§ ACTIVITY
Your answer must be the exact lines from the one holding "Özel'in 'İBB'ye kayyum" through the end of the entries, with no pictures.

§ DATASET
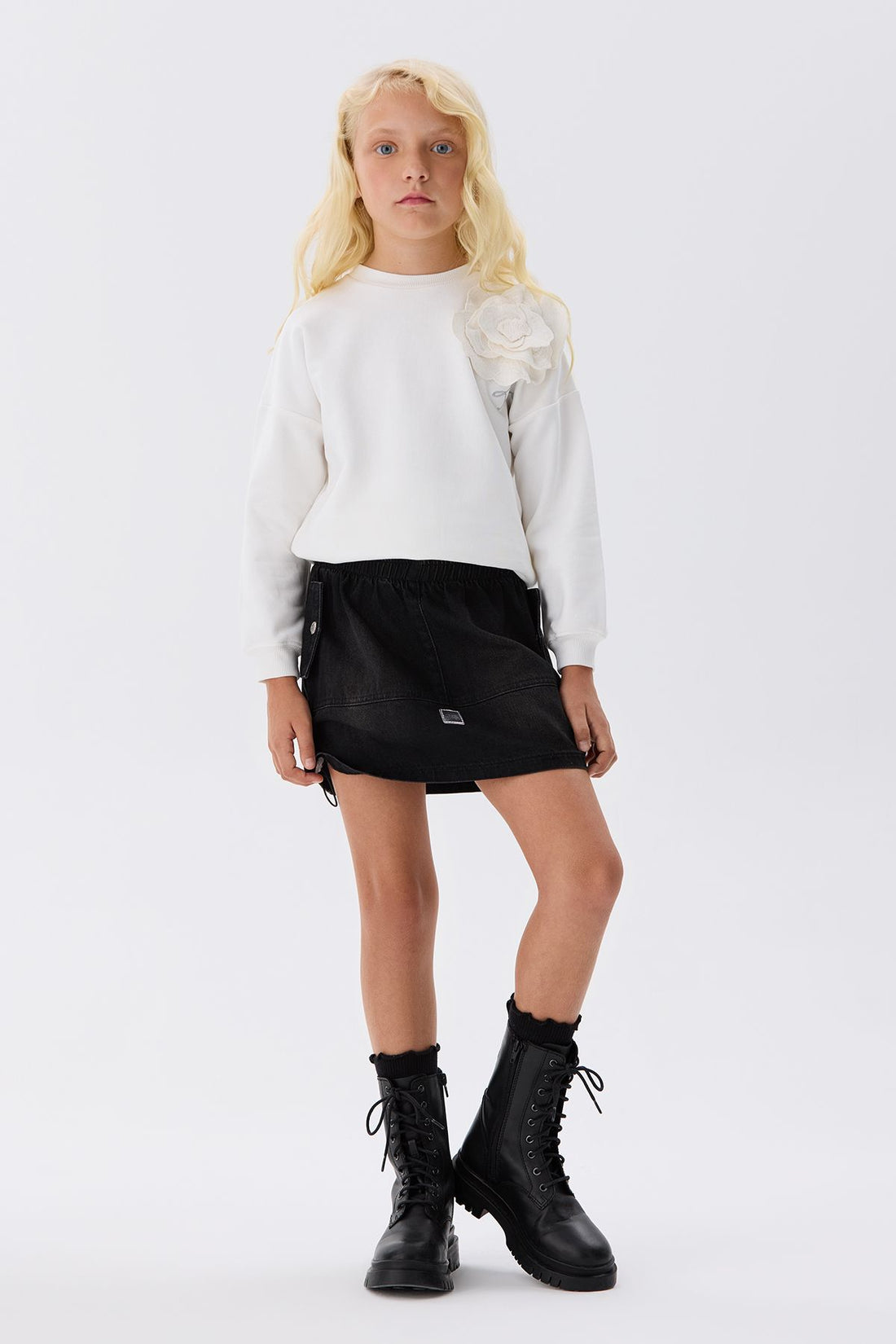 Girl Black Skirt - BgStore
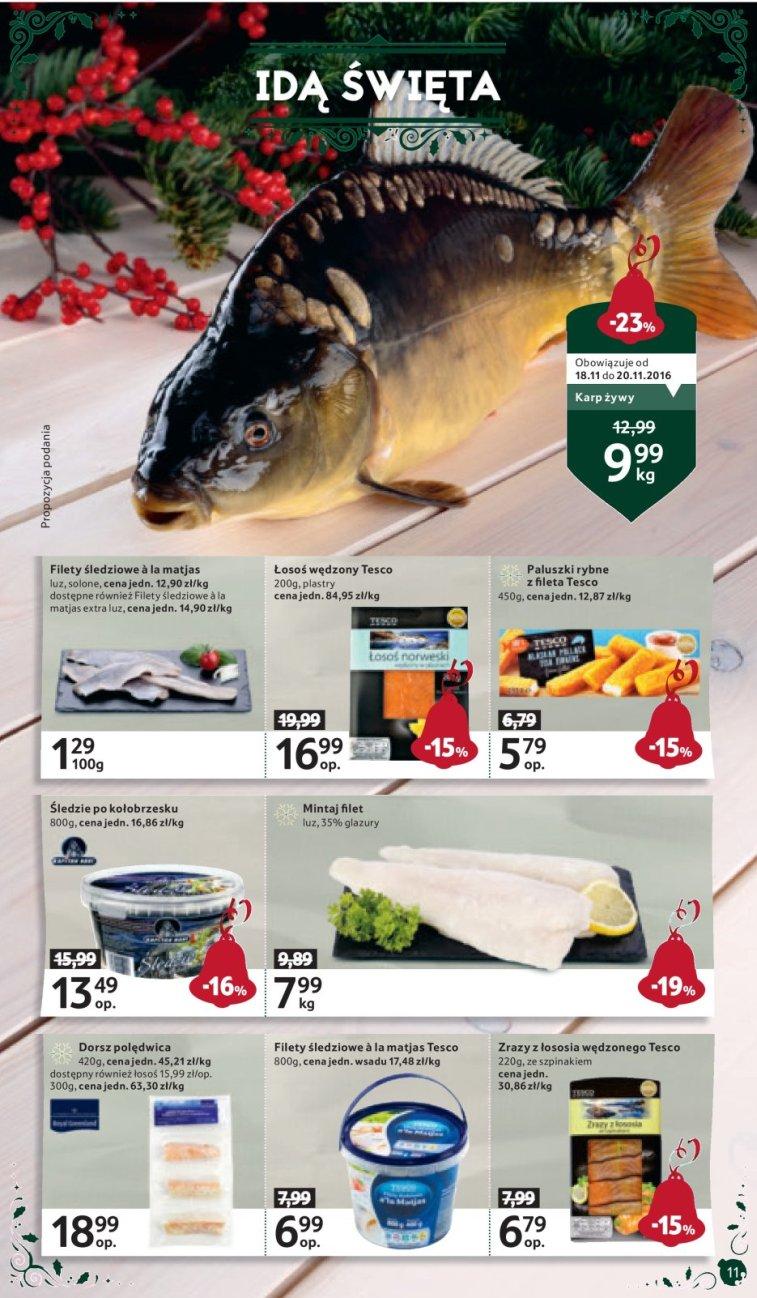 Gazetka promocyjna Tesco str. 11
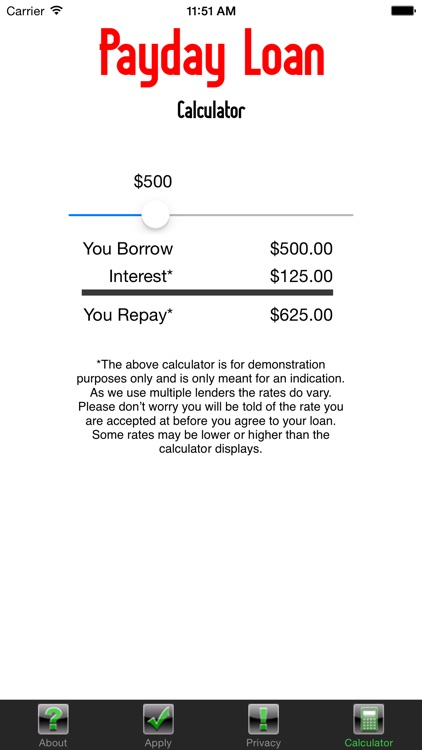 Payday Loans USA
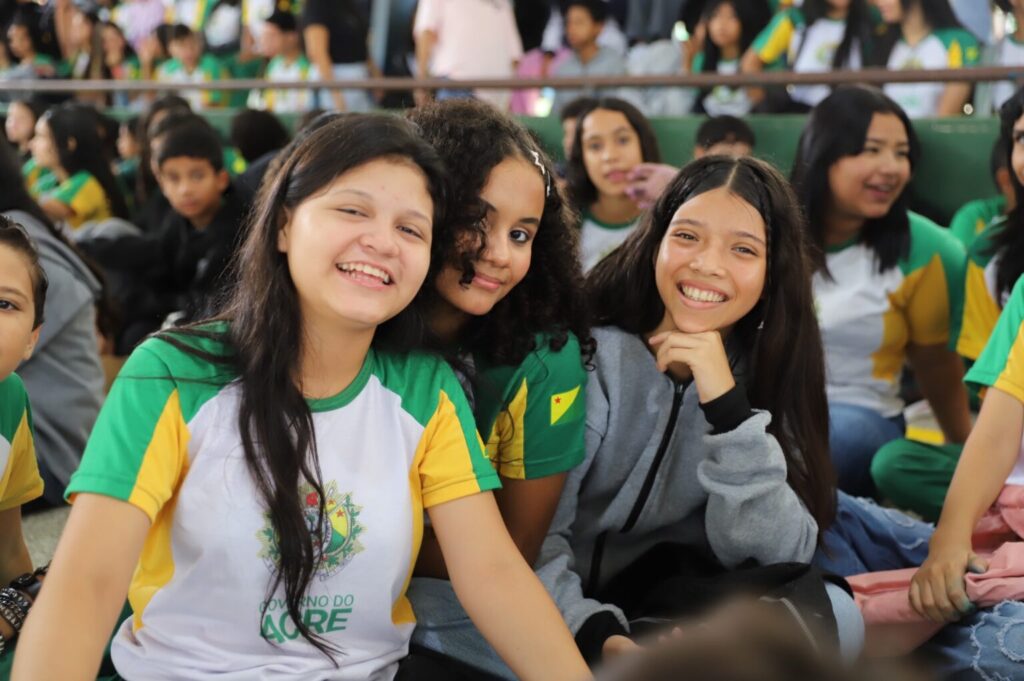 Semana Nacional de Convivência Escolar no Acre: Cultivando a Paz e o Respeito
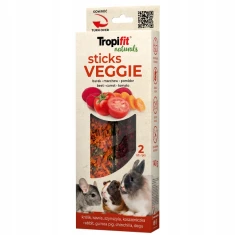 Лакомство Tropical Tropifit NaturalStick для грызунов и кроликов с овощами 2 шт 140 г (5900469503317)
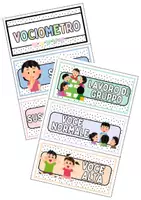 anteprima - Materiale di supporto/inclusione - Vociometro - versione 1 - Pagina di copertina
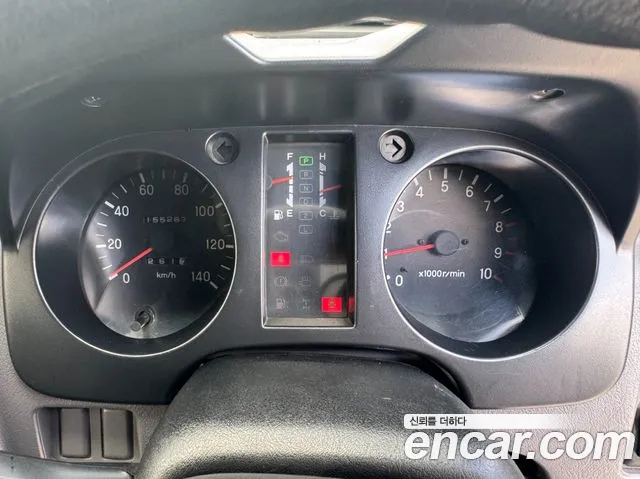 Mitsubishi Pajero 1995 thumb 12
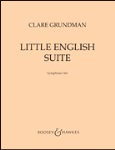 Little English Suite . Cocnert Band . Grundman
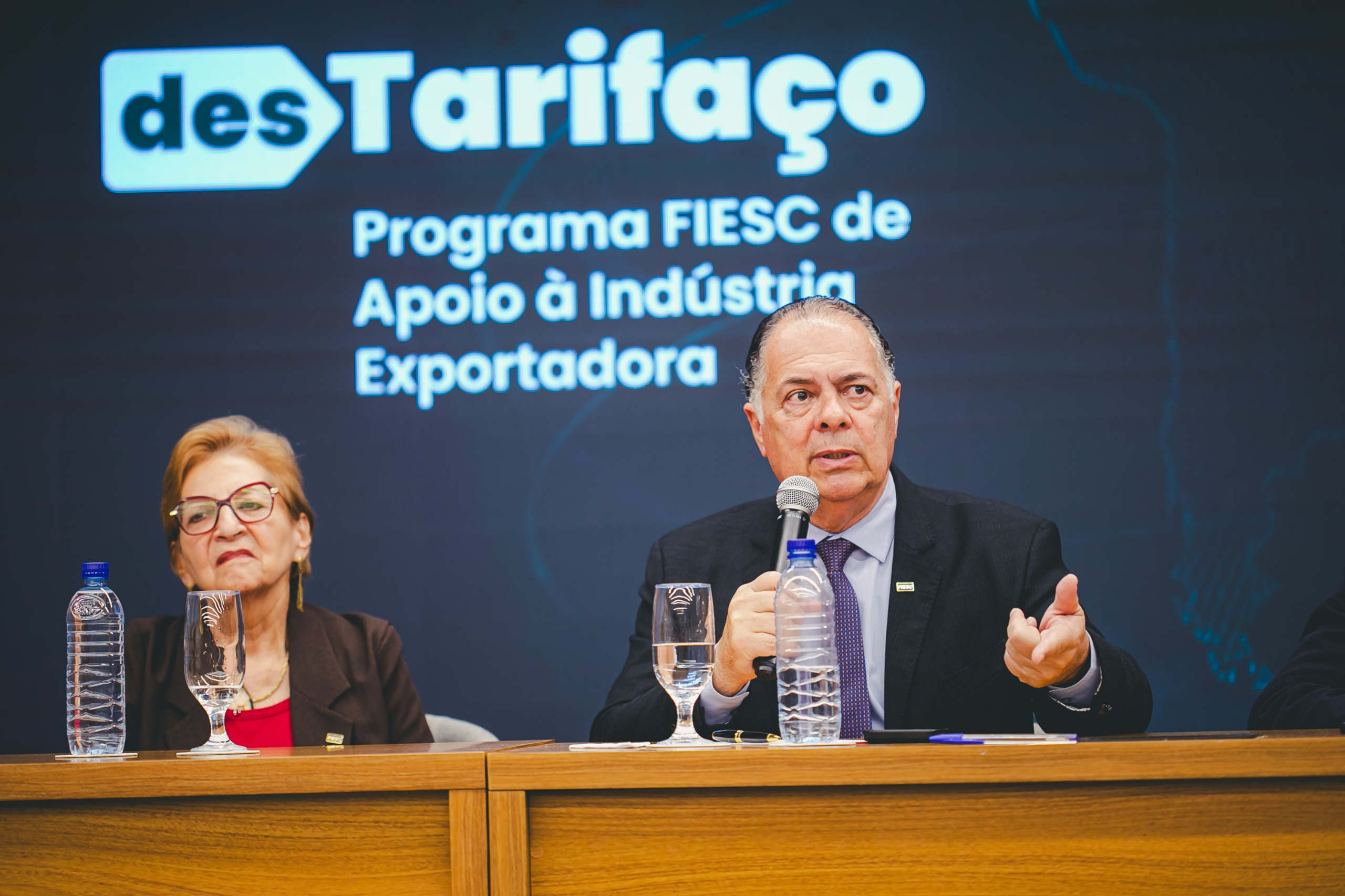 SC apoia indústrias e trabalhadores afetados por tarifaço dos EUA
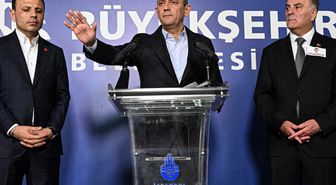 Özel'in 'İBB'ye kayyum yapmak istediler' dediği isimden yanıt geldi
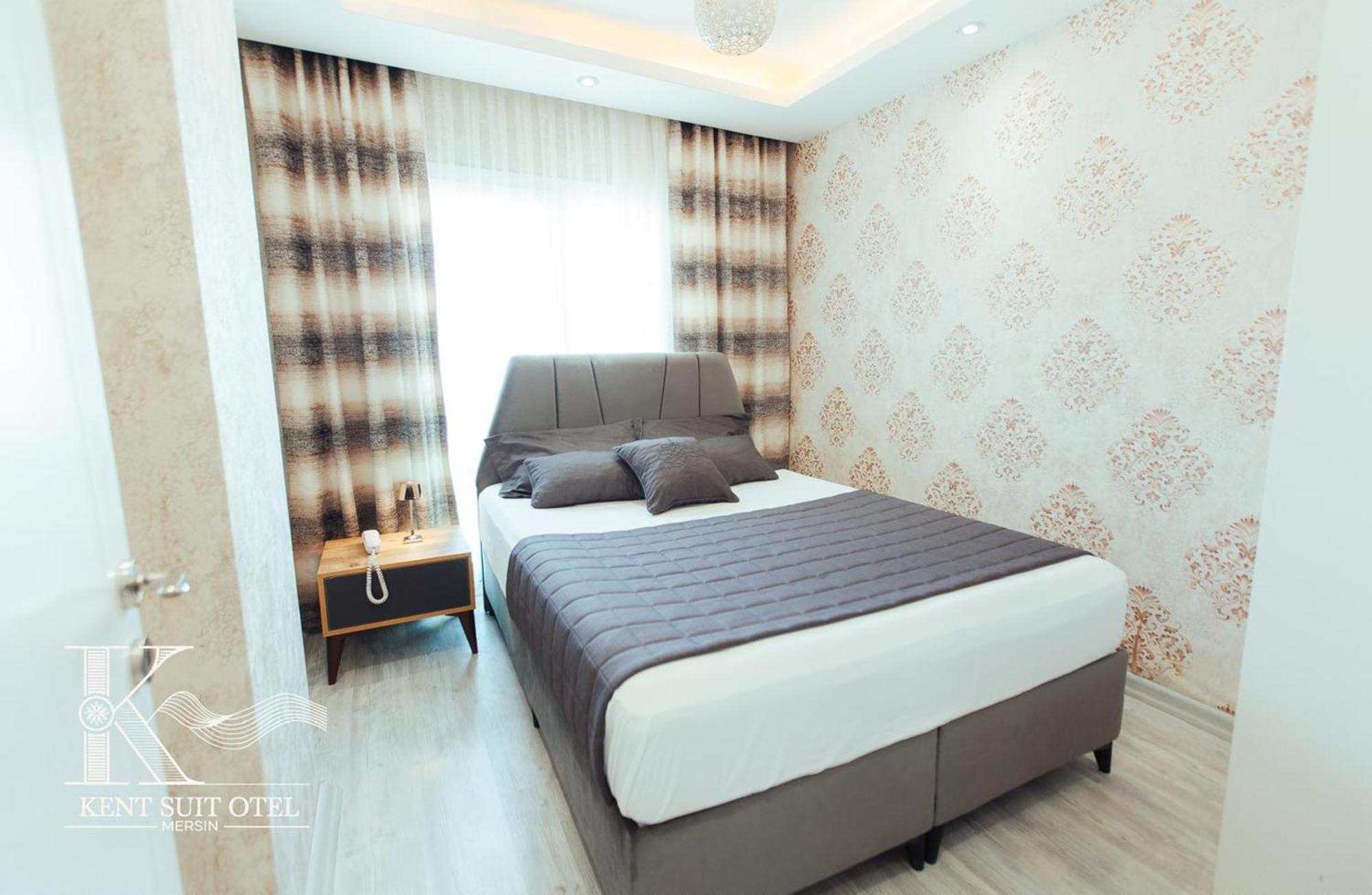 Mersin Kent Suit Hotel Mezitli ภายนอก รูปภาพ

§ REPLY
 Özel'in 'İBB'ye kayyum yapmak istediler' dediği isimden yanıt geldi
 Mersin Kent Suit Hotel Mezitli ภายนอก รูปภาพ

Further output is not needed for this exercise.